Isfahan’daki Ermenilerin hikayesi çok
ilginç. Sanat, zanaat, edebiyat ve müzikleri ile dünya uygarlığına güzellikler
sunmuş olan bu halk, Safavi Şahı I. Abbas tarafından 16. Yüzyılda Azerbaycan’daki
Aras Nehri kıyısından İsfahan’ın Julfa mıntıkasına getiriliyorlar. Bunun sebebi
ise Osmanlılarla Safaviler arasında gerilim ve savaşlar. Ermeniler yeni memleketlerinde
de bütün hünerlerini gösterip Yeni Julfa’yı istedikleri şekle sokuyorlar. Tıpkı
terk etmek zorunda oldukları eski kentleri gibi.
Katedrale girince canlı renkler ve
ayrıntılı mimari ustalık dikkati çekiyor. Katedral duvarlarını tamamen kaplamış
ve ıslak sıva üstüne yapılmış resimler (freskler) İncil’de geçen sıra dışı
olayları anlatıyor. İbadethanedeki yüzlerce eski esere tek tek bakıyor ve
görevliden ayrıntılı bilgi alıyoruz. Havadan sudan bahsetmeyi de ihmal
etmiyoruz. Sonra da yan tarafta yer alan ve beni kiliseden daha fazla etkileyen
müzeye giriyoruz. Müzede ilk matbaadan tutun da 1000 yıllık İncil’e, İran’da
basılan ilk kitaptan, Şah Abbas’ın Ermeniler ile ilgili verdiği olumlu olumsuz
fermanlara, tablolardan günlük eşyalara kadar sayısız eser
yer almaktadır.
Ermeni soykırımı ile ilgili hazırlanan köşeye gelince duraksıyor, yutkunuyor ve
yerimde çakılı kalıyorum. Filmlerin,
fotoğrafların, videoların ve insan kemiklerin olduğu bölümde insanoğlunun kendi
tarihi kadar uzun acı tecrübeleri gözümün önünden geçiyor. Kabartma Türkiye
haritası üzerinde vilayet vilayet soykırım bölgelerinin gösterilmiş olması
Ermeni toplumunda açılmış olan yaraların ne denli derin ve halen çok taze
olduğunu fark ederek irkiliyorum.
Kendimden geçmiş bir vaziyette müzedeki
diğer eserleri beynime kazımaya çalışırken İranlı iki genç çiftle tanışıyorum.
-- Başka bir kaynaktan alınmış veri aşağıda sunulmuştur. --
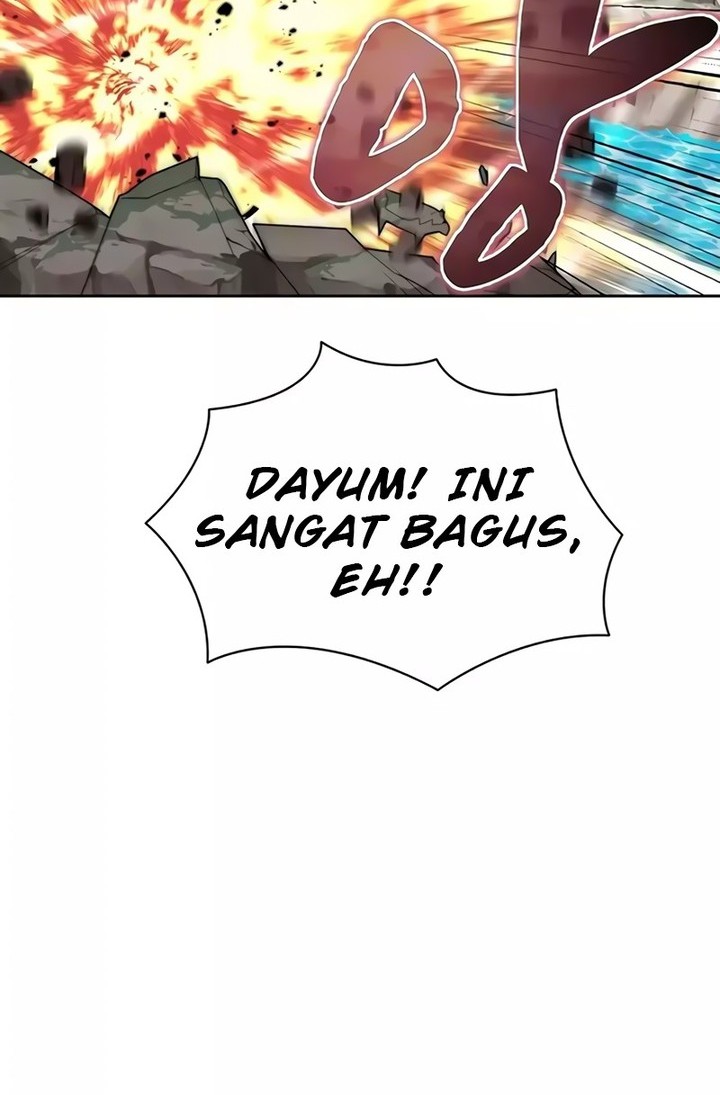 Stuck in the Tower Chapter 61 Gambar 58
Ve Katedral avlusunda sohbete başlıyoruz. Türkiye ilgisi, Türkiye’ye seyahat
etme veya orada öğrenim görme isteğinin ne kadar fazla olduğuna bir defa daha
şahit oluyorum. Bu arada Sümeyye adındaki genç kadın bir üzüntüsünü dile
getiriyor. Türkiye gitmeyi çok istemelerine ve yeterli paraları olmalarına
rağmen bunu gerçekleştiremediklerini anlatıyor. Sebebi de çok komik. Kocasının
bir devlet bankasında çalışıyor olması sebebi ile yurt dışına çıkış yasağı var.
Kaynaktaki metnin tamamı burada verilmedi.